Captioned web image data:
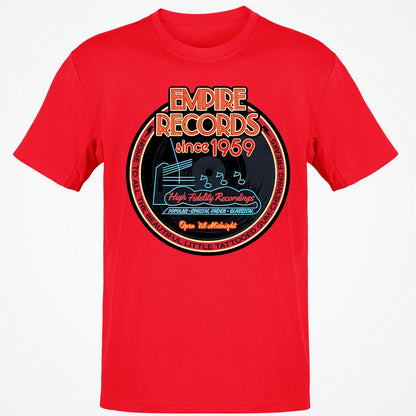 Classic Unisex T-Shirt - 23K8MVG6 - Red - 10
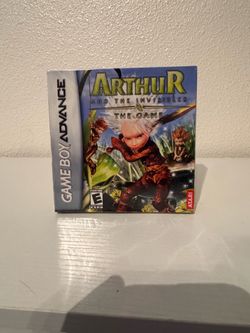 SEALED Gameboy Advance Arthur game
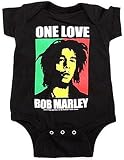 ボブ・マーリー Bob Marley One Love Block ベビー Baby Romper Creeper シャツ T-Shirt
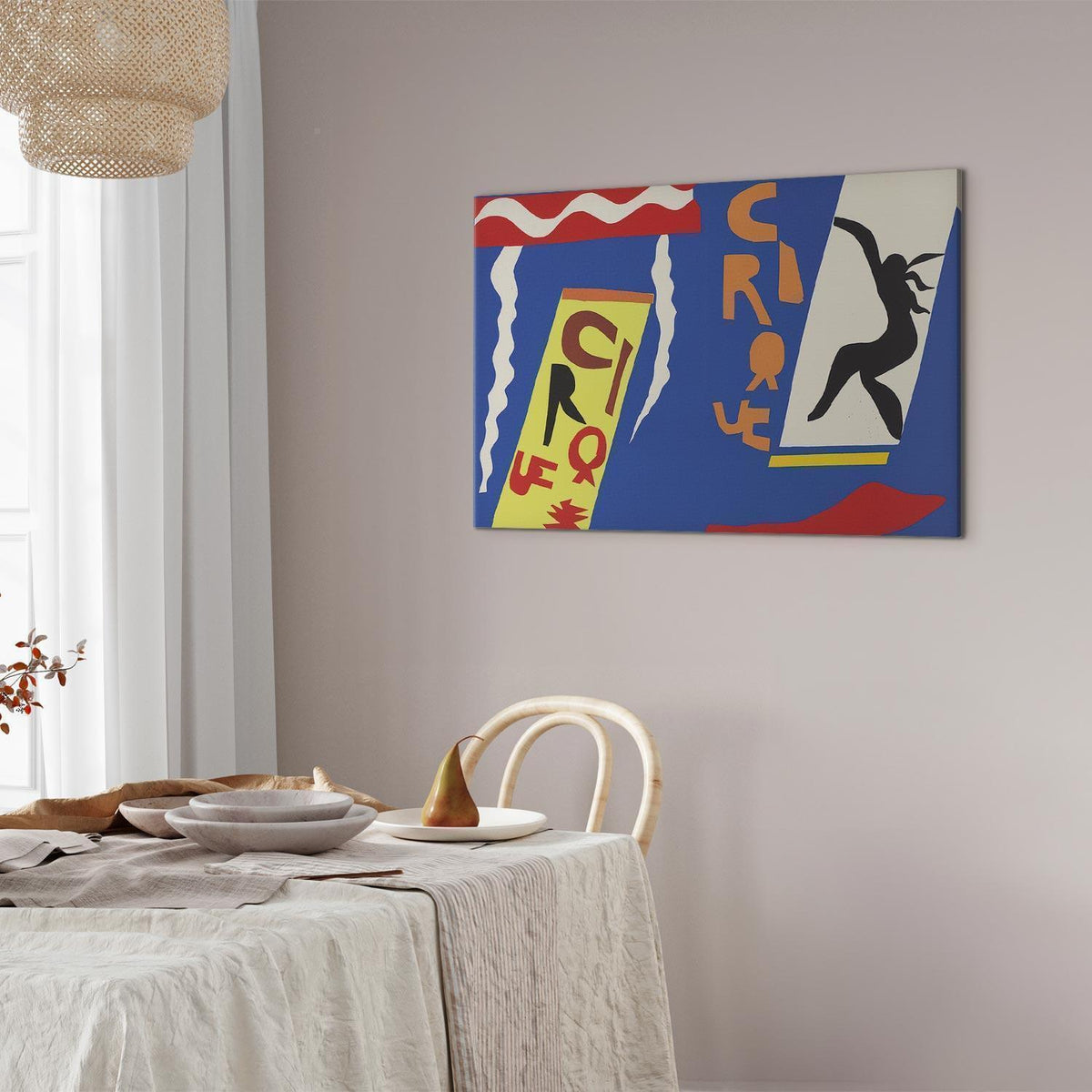 Leinwandbild - Henri Matisse – The Circus (from Jazz)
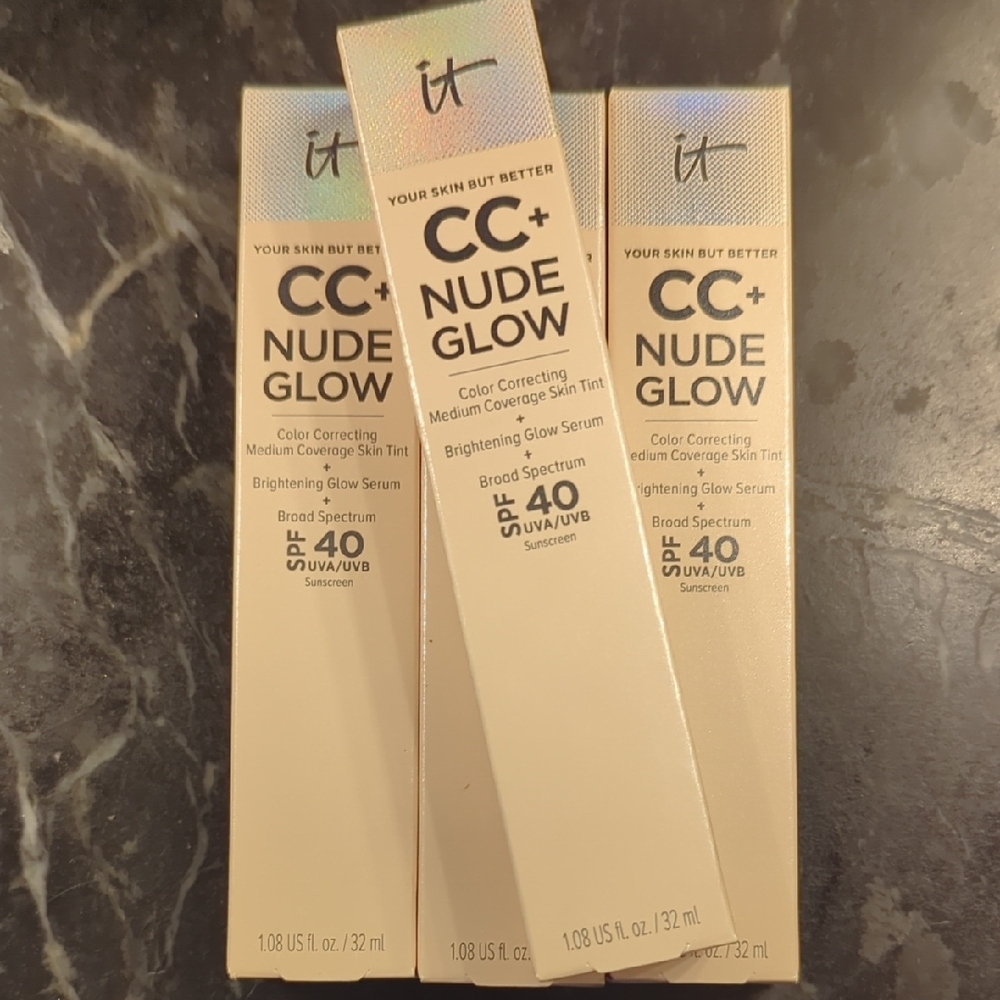 IT Cosmetics CC+ Nude Glow SPF 40 Fair - 1 Tube/4 Available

§ **TASK OBJECTIVE**
Nothing but an exact copy is needed, covering the lines from the line with "SEALED Gameboy Advance Arthur game" through the last line of the entries, pictures excluded.

§ **PROBLEM SOLUTION**
 SEALED Gameboy Advance Arthur game
 ボブ・マーリー Bob Marley One Love Block ベビー Baby Romper Creeper シャツ T-Shirt
 Leinwandbild - Henri Matisse – The Circus (from Jazz)
 IT Cosmetics CC+ Nude Glow SPF 40 Fair - 1 Tube/4 Available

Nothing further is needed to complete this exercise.